The judge denied that request and a previous mistrial demand made after comments by Santa Clara County Deputy District Attorney Vicki Gemetti during her opening statements. Gemetti told jurors she fully expected Lindner to lie about the abuse, but she said they should convict Lynch anyway.

Lynch’s attorney Pat Harris accused Gemetti of “suborning” perjury and professional misconduct. The district attorney’s office countered with its own accusation of misconduct. Prosecutors objected to Harris offering to drop his pursuit of misconduct charges against Gemetti in exchange for dropping Lynch’s criminal case.

In the end, the judge denied all requests and ordered the trial to resume. However, he did ban the testimony of three other Lindner accusers, including Lynch’s brother and the priest’s niece, who were set to tell jurors of their own abuse. The judge had earlier said they could testify to impeach the priest’s credibility. But since the priest is not testifying, the alleged victims’ testimony is no longer relevant.
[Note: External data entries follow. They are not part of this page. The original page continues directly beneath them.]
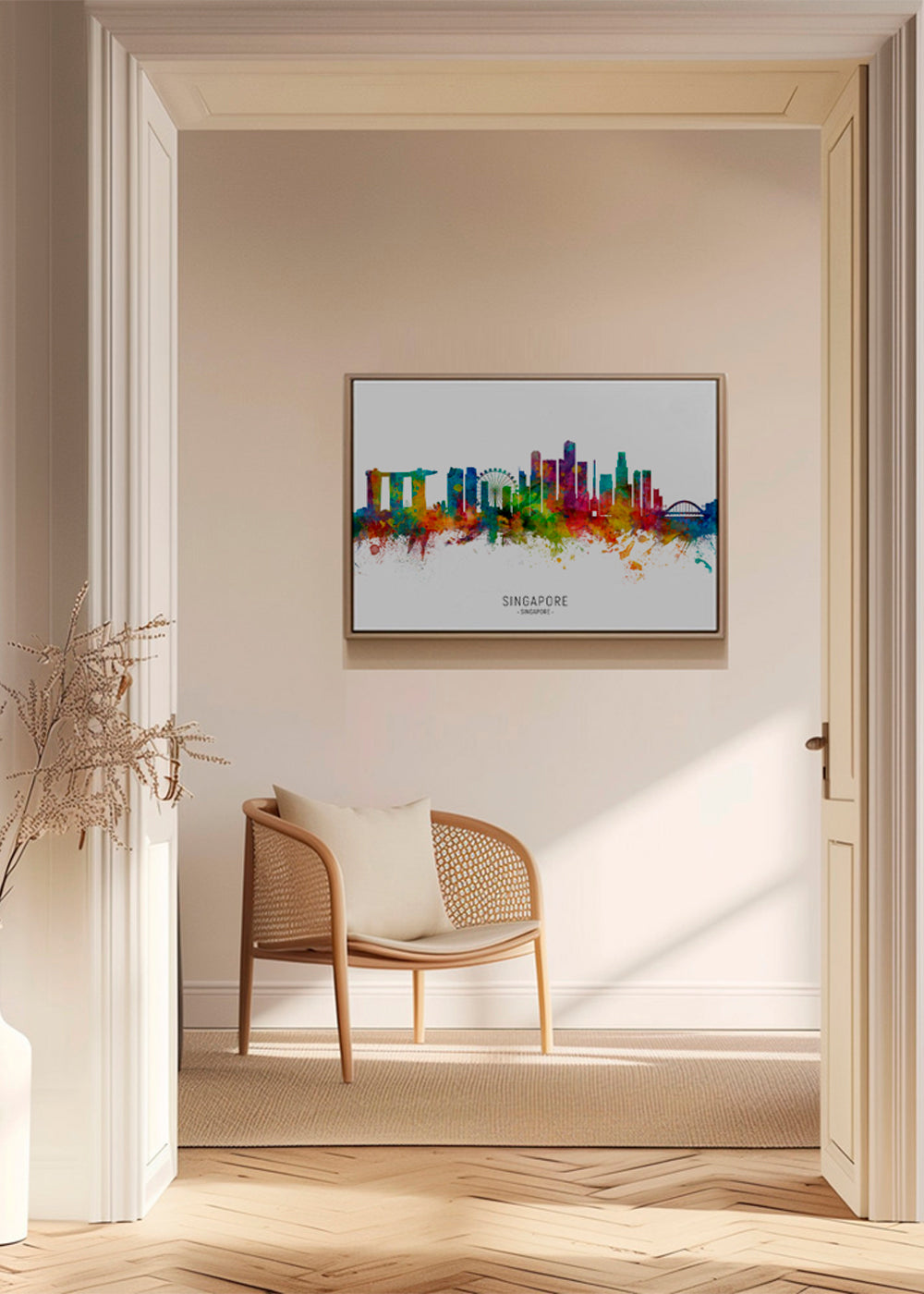 Reseaffisch: Singapores skyline i akvarell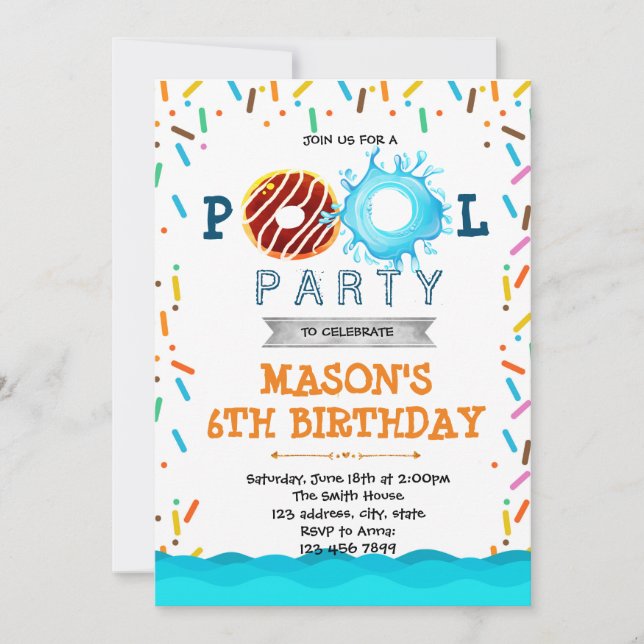 Doughnut pool party birthday invitation (Front)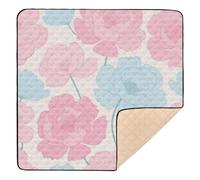 Pinkish-Blue Peony Flowers Soft Foam Baby Floor Play mat for Floor Portable Foldable Kicking Mat for Baby Kids Toddlers Infants, 50'' x 50''alfombrillas para Bebes jugar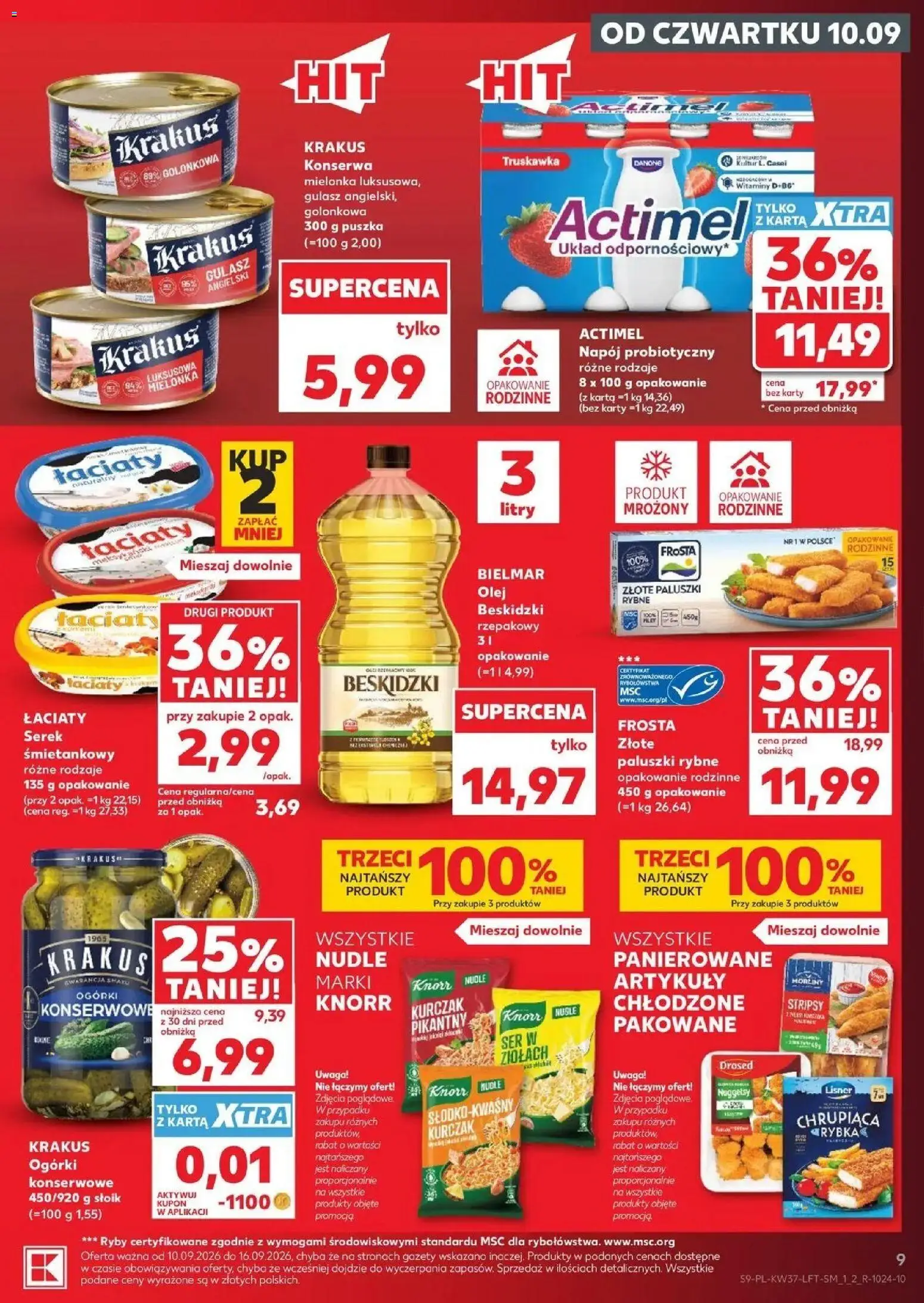 Kaufland gazetka od 10.09.2026 - od jutra PDF | Strona: 9 | Produkty: Cream cheese, Kurczak, Ryby, Ogórki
Tamara Roehm, Lindner’s niece, said outside court Wednesday that she was crestfallen that the jury wouldn’t hear about her allegations. She said it was difficult to work up the courage to take the stand and publicly discuss her alleged abuse, but she felt Lynch needed the support. She also said she was looking forward to “exposing Jerry,” who has never been criminally charged but has been removed from the ministry.

“I wanted to get the truth out about Jerry,” Roehm said. “Instead, he gets away without having to explain himself again.”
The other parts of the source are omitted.